SUPPLIED ENTRIES
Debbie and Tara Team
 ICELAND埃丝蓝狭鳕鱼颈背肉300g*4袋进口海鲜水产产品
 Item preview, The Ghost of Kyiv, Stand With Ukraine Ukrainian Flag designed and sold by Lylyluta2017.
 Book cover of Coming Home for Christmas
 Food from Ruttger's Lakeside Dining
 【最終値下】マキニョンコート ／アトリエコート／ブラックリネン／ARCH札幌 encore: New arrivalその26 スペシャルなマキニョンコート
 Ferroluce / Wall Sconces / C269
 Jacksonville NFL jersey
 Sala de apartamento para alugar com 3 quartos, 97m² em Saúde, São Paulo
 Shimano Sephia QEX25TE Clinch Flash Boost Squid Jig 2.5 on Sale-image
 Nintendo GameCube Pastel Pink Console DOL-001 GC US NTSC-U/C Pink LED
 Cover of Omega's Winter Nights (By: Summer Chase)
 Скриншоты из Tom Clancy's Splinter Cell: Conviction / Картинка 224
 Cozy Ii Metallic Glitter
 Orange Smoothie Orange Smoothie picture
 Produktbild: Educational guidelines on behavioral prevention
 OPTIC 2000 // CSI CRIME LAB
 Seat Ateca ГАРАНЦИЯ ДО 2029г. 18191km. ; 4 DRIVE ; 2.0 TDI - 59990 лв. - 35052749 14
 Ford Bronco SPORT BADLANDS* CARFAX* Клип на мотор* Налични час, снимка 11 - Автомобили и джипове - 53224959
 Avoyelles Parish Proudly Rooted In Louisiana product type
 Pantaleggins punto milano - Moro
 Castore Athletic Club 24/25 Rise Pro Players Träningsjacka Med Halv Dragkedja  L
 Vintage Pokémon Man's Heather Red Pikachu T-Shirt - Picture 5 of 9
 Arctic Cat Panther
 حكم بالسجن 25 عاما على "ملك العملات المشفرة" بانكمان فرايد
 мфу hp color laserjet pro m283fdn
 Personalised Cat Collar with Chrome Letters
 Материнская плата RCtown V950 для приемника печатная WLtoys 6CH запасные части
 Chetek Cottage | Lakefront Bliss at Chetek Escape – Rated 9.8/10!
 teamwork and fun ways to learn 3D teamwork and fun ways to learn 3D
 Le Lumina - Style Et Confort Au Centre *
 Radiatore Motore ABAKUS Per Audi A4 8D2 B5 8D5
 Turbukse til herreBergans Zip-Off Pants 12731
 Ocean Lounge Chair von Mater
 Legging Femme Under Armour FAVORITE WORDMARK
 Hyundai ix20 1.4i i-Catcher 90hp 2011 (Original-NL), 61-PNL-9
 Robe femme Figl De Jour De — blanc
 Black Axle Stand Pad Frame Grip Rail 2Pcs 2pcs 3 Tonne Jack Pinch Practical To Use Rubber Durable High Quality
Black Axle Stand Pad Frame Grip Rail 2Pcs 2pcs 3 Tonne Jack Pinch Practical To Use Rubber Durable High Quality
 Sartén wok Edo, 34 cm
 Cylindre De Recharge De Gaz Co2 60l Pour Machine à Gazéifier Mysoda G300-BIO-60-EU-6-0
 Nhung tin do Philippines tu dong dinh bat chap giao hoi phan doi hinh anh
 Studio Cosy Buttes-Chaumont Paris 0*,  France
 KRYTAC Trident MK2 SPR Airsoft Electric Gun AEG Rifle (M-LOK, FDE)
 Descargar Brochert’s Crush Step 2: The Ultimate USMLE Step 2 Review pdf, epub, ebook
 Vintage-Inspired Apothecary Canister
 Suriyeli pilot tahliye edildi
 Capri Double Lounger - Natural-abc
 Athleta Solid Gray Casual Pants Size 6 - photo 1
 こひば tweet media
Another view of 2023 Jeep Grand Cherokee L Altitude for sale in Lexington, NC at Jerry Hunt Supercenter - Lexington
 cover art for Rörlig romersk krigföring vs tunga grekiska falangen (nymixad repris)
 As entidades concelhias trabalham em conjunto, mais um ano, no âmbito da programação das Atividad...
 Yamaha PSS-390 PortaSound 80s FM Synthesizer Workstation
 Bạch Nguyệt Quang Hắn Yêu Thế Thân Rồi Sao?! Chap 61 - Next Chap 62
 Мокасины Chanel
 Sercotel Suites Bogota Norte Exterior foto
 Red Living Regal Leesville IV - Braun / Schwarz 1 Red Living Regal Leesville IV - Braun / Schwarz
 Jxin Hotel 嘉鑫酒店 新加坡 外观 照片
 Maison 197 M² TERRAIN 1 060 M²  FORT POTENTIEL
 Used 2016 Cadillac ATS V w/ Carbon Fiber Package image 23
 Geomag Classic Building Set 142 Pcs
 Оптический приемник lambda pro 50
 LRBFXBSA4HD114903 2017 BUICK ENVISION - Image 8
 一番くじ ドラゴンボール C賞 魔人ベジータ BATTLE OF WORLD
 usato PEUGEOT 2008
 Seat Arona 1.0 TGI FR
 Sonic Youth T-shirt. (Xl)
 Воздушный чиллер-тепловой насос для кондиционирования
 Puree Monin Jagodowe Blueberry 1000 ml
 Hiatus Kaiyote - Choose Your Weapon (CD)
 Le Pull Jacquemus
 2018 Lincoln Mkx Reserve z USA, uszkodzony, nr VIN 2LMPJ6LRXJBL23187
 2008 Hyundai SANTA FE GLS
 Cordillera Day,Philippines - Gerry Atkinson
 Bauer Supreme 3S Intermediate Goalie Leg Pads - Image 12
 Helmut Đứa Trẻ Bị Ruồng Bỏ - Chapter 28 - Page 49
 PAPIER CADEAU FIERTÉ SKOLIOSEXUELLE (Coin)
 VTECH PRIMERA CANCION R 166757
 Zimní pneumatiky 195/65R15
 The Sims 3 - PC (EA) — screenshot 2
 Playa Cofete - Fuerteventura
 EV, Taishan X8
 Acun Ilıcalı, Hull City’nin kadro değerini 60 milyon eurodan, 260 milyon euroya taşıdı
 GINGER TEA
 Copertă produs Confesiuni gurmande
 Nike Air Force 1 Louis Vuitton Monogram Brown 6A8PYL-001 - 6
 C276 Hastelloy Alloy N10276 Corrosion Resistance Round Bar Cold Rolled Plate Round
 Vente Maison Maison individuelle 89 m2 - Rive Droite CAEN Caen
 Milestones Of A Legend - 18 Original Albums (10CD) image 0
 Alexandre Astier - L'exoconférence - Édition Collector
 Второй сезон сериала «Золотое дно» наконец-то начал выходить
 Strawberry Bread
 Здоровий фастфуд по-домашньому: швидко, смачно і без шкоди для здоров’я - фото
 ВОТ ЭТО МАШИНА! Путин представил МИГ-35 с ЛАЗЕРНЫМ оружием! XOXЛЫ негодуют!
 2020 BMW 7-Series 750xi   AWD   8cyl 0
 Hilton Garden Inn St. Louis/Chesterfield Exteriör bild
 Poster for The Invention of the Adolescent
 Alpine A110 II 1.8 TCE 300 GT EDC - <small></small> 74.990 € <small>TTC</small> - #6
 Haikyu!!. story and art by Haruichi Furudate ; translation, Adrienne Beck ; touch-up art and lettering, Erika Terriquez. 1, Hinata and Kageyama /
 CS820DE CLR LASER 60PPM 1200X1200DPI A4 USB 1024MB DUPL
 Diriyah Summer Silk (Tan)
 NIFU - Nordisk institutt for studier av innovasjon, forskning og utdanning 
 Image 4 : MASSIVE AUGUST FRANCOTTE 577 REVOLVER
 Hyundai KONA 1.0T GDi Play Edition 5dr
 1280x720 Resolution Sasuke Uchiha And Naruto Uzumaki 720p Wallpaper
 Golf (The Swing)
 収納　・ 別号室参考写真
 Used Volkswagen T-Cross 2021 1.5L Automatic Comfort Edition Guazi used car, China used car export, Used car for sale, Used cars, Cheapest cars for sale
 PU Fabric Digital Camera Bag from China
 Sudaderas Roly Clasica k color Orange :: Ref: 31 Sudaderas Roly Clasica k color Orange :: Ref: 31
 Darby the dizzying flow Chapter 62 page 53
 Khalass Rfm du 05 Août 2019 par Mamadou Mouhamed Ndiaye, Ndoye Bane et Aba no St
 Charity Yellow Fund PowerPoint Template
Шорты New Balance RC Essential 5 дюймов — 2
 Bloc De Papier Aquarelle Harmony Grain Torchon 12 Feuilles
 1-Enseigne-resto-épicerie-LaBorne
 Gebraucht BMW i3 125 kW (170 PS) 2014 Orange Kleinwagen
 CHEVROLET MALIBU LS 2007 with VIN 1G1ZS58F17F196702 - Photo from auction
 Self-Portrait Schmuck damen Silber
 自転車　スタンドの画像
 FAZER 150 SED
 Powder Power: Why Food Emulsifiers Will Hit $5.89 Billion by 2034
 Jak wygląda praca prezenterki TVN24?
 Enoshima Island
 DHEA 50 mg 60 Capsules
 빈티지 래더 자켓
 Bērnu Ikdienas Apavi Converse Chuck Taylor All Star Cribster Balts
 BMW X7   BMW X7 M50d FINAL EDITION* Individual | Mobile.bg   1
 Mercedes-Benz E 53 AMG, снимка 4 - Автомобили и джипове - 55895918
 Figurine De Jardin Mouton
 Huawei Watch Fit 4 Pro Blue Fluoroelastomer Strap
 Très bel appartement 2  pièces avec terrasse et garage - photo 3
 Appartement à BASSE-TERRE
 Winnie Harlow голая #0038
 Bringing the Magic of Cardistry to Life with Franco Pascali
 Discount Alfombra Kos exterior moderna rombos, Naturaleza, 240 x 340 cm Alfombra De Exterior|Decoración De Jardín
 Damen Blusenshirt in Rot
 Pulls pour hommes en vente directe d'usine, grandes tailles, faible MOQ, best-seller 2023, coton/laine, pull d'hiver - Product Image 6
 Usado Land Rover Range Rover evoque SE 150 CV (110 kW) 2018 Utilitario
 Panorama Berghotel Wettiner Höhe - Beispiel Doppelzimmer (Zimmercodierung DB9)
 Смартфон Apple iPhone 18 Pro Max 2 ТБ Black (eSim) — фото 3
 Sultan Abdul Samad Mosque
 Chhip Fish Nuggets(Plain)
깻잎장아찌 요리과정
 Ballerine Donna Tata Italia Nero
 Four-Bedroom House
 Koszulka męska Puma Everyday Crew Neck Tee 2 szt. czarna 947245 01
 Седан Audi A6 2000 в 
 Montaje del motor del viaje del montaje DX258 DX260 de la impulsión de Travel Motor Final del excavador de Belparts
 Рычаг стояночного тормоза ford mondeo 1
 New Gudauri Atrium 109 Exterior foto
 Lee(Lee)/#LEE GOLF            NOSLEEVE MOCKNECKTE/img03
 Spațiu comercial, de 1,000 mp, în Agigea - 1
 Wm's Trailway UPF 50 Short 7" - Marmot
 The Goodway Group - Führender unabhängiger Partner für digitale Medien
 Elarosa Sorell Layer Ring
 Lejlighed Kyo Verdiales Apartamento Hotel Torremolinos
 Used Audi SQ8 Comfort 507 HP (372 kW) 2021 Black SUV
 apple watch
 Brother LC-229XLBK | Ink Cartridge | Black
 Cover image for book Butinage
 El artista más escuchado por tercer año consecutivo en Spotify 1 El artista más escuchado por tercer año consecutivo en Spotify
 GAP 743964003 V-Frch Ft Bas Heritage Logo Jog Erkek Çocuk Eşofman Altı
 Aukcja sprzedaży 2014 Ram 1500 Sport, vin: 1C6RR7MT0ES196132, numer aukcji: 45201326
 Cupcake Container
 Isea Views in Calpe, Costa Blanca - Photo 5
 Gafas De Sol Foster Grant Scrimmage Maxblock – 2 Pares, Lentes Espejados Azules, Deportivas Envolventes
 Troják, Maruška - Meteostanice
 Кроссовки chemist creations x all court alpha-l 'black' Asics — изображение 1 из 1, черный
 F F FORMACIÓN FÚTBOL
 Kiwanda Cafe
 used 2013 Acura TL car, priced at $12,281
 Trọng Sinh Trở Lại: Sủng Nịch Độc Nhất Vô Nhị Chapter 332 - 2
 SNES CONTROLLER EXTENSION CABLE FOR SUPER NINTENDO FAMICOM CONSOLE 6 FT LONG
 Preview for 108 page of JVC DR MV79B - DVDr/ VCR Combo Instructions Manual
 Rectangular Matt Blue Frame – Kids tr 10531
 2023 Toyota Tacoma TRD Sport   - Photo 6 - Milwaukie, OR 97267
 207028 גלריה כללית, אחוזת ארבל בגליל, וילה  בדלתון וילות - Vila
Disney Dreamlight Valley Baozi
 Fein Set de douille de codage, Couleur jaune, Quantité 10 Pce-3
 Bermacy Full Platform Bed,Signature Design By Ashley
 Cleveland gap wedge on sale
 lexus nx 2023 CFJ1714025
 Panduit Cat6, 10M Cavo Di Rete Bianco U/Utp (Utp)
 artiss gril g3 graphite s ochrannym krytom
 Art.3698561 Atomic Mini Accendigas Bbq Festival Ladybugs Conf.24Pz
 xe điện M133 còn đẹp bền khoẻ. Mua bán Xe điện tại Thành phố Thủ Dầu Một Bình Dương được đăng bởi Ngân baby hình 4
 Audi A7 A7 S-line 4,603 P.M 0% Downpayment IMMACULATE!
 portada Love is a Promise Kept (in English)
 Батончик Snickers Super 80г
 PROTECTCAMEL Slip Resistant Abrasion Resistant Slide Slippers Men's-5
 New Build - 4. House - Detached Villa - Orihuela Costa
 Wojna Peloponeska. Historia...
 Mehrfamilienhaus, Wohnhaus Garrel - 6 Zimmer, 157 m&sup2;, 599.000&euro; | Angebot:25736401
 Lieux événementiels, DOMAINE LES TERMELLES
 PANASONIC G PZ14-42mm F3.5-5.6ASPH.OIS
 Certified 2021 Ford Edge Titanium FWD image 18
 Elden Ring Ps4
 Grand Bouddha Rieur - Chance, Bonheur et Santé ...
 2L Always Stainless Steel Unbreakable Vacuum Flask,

DIRECTIONS FOR THIS TASK
In the material above, locate the line containing "Cover image for book Butinage" and the line containing "Rectangular Matt Blue Frame – Kids tr 10531". Transcribe exactly those two lines and every line between them, and nothing more.

ANSWER BOX
 Cover image for book Butinage
 El artista más escuchado por tercer año consecutivo en Spotify 1 El artista más escuchado por tercer año consecutivo en Spotify
 GAP 743964003 V-Frch Ft Bas Heritage Logo Jog Erkek Çocuk Eşofman Altı
 Aukcja sprzedaży 2014 Ram 1500 Sport, vin: 1C6RR7MT0ES196132, numer aukcji: 45201326
 Cupcake Container
 Isea Views in Calpe, Costa Blanca - Photo 5
 Gafas De Sol Foster Grant Scrimmage Maxblock – 2 Pares, Lentes Espejados Azules, Deportivas Envolventes
 Troják, Maruška - Meteostanice
 Кроссовки chemist creations x all court alpha-l 'black' Asics — изображение 1 из 1, черный
 F F FORMACIÓN FÚTBOL
 Kiwanda Cafe
 used 2013 Acura TL car, priced at $12,281
 Trọng Sinh Trở Lại: Sủng Nịch Độc Nhất Vô Nhị Chapter 332 - 2
 SNES CONTROLLER EXTENSION CABLE FOR SUPER NINTENDO FAMICOM CONSOLE 6 FT LONG
 Preview for 108 page of JVC DR MV79B - DVDr/ VCR Combo Instructions Manual
 Rectangular Matt Blue Frame – Kids tr 10531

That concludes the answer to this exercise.